By Sid Perkins
Floods that occasionally surge from immense lakes trapped beneath the Antarctic ice sheet can significantly speed the flow of ice in overlying glaciers, a new study shows.
Scientists have known about the existence of large subglacial lakes in Antarctica — some of them larger than North America’s Lake Ontario — for decades. Only in the last few years, however, have satellite observations of shifts in the ice cap hinted that large volumes of water sometimes spill from one lake to another (SN: 6/17/06, p. 382).
Now, scientists’ observations, published online in Nature Geoscience on November 16, link one such flood to a 14-month–long acceleration of one of Antarctica’s largest glaciers.
The findings provide “the piece in the water-iceflow puzzle that had been missing so far: direct evidence for glacier acceleration as a result of subglacial floods,” says Helen Amanda Fricker, a glaciologist at Scripps Institution of Oceanography in La Jolla, Calif. “This paper really nails it.”
“This is the smoking gun we thought was out there,” says Robert Bindschadler, a glaciologist at NASA’s Goddard Space Flight Center in Greenbelt, Md. “This [finding] will bring smiles to a lot of scientists’ faces.”
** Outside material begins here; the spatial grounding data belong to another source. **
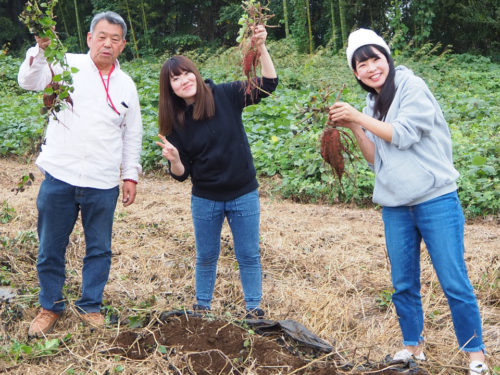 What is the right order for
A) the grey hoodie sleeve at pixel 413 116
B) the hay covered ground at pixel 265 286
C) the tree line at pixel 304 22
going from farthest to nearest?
the tree line at pixel 304 22 < the hay covered ground at pixel 265 286 < the grey hoodie sleeve at pixel 413 116

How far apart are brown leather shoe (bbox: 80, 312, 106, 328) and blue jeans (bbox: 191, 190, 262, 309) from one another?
56cm

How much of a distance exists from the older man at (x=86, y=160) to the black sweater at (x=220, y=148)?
1.20 feet

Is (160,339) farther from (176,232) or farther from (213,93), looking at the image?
(176,232)

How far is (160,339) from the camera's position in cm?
257

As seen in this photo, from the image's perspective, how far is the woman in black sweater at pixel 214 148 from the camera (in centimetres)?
289

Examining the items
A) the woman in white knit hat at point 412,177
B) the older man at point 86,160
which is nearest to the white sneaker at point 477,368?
the woman in white knit hat at point 412,177

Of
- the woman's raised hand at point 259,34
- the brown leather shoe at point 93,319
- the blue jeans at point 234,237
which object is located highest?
the woman's raised hand at point 259,34

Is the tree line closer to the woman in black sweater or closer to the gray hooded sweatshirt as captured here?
the woman in black sweater

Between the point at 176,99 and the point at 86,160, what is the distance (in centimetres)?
59

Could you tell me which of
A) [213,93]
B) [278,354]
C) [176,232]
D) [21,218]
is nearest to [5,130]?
[21,218]

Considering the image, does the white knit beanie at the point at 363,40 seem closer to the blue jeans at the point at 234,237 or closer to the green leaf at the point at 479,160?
the blue jeans at the point at 234,237

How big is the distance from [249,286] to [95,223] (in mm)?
941

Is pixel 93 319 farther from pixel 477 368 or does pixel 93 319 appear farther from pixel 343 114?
pixel 477 368

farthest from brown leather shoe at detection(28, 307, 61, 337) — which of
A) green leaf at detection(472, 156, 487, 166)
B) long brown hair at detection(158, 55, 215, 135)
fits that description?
green leaf at detection(472, 156, 487, 166) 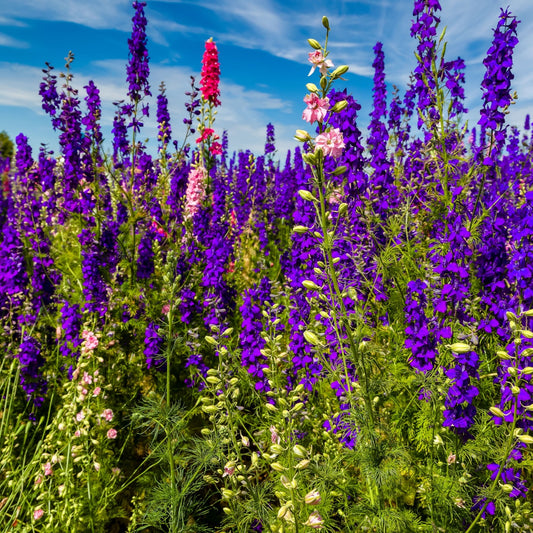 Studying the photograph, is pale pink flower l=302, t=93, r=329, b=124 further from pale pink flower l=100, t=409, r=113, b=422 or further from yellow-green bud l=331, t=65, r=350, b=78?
pale pink flower l=100, t=409, r=113, b=422

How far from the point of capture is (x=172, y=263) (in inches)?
92.4

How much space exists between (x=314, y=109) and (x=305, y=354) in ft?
6.86

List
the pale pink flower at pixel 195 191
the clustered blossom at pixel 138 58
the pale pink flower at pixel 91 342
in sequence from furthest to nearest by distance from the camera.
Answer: the pale pink flower at pixel 195 191
the clustered blossom at pixel 138 58
the pale pink flower at pixel 91 342

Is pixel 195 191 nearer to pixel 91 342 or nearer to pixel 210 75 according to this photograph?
pixel 210 75

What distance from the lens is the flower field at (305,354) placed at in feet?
6.43

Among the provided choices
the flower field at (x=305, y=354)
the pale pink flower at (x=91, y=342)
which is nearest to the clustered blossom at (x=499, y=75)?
the flower field at (x=305, y=354)

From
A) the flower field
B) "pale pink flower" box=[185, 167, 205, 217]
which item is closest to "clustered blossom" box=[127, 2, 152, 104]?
the flower field

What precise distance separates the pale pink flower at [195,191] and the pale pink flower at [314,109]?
4.12m

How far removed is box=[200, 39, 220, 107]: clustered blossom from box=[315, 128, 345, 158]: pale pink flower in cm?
424

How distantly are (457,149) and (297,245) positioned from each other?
5.12 feet

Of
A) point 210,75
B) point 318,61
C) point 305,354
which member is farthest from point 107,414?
point 210,75

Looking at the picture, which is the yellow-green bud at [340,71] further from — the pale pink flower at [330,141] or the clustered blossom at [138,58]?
the clustered blossom at [138,58]

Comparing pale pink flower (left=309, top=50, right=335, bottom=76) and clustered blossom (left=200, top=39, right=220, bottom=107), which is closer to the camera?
pale pink flower (left=309, top=50, right=335, bottom=76)

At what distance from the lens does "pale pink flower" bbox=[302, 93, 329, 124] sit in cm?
167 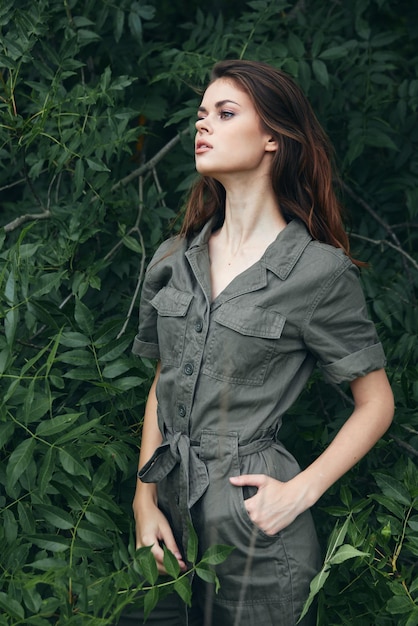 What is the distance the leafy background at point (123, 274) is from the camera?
2.03 meters

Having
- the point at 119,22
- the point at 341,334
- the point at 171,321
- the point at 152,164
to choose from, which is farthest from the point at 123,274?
the point at 341,334

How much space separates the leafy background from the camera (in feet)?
6.67

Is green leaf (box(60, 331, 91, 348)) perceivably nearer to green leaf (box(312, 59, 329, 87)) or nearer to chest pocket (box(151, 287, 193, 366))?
chest pocket (box(151, 287, 193, 366))

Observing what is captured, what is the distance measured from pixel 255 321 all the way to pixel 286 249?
173 mm

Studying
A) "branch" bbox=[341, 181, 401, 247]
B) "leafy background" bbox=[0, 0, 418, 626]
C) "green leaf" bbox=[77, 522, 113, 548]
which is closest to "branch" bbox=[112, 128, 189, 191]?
"leafy background" bbox=[0, 0, 418, 626]

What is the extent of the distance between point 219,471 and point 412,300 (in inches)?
48.1

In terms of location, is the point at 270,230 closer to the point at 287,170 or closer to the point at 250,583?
the point at 287,170

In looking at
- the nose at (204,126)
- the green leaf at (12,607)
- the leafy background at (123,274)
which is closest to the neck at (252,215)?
the nose at (204,126)

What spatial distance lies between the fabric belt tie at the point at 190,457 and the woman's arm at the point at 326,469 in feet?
0.22

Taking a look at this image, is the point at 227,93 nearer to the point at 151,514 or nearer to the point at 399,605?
the point at 151,514

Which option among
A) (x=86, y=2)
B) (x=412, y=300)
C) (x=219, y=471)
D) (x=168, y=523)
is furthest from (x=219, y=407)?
(x=86, y=2)

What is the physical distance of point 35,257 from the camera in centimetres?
263

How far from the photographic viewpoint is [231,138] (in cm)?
202

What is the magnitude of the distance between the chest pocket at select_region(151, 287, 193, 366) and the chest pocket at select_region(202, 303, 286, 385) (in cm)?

Each year, Byrd Glacier drains about 20 billion metric tons of ice from an area of Antarctica that is almost twice the size of Texas. The main trunk of the glacier, which dumps that ice into the Ross Ice Shelf, is about 75 kilometers long and 20 kilometers wide, says Leigh Stearns, a glaciologist at the University of Maine in Orono. Data suggest that between November 1960 and December 2005, ice at the glacier’s grounding line — the point where the glacier flows into the floating ice shelf — moved seaward at a steady rate of about 825 meters per year.
Then, between December 2005 and February 2007, satellite observations indicate that the lowermost 100-kilometer stretch of Byrd Glacier sped up significantly. During this time, flow rates at the glacier’s grounding line reached about 900 meters per year, a 9 percent increase. That boosted ice discharge from the glacier in 2006 by 1.7 billion metric tons, Stearns and her colleagues estimate.
Before and during the same time period, NASA’s Earth-orbiting ICESat probe detected rapid changes in the elevation of the ice sheet nearby. Between March 2004 and November 2005, two broad areas about 200 kilometers upstream of Byrd Glacier’s grounding line rose several meters — a sign that the subglacial lakes inferred to be located there gained about 2.1 cubic kilometers of water. Then, the surface of the ice sheet over those lakes began to fall, signifying drainage of the freshly accumulated water. Between June 2006 and April 2007, about 1.7 cubic kilometers of that water flowed downstream — right beneath the trunk of the glacier, which at that time was speeding along much faster than normal. The precise dates that these events began and ended are uncertain, Stearns notes, because satellite observations of the region are sporadic.
The 14-month–long acceleration of the Byrd Glacier probably isn’t related to climate change, the researchers note. Computer models used to estimate the amount of ice flowing off Antarctica should be updated in the future to account for the occasional episode of subglacial flooding, Stearns suggests. At present, however, satellites capable of detecting subglacial flooding haven’t been observing Antarctica long enough to know how often these episodes occur.
Previous studies have noted an increase in the speed of Antarctic ice streams after the ice flowed across subglacial lakes, a hint that the bedrock downstream was better lubricated by water flowing out of those lakes (SN: 3/31/07, p. 202). And although none of the occasional floods from Antarctica’s subglacial lakes have previously been linked to changes in the behavior of overlying glaciers, scientists have suspected the lubricating effect of such floods could be substantial (SN: 3/3/07, p. 142).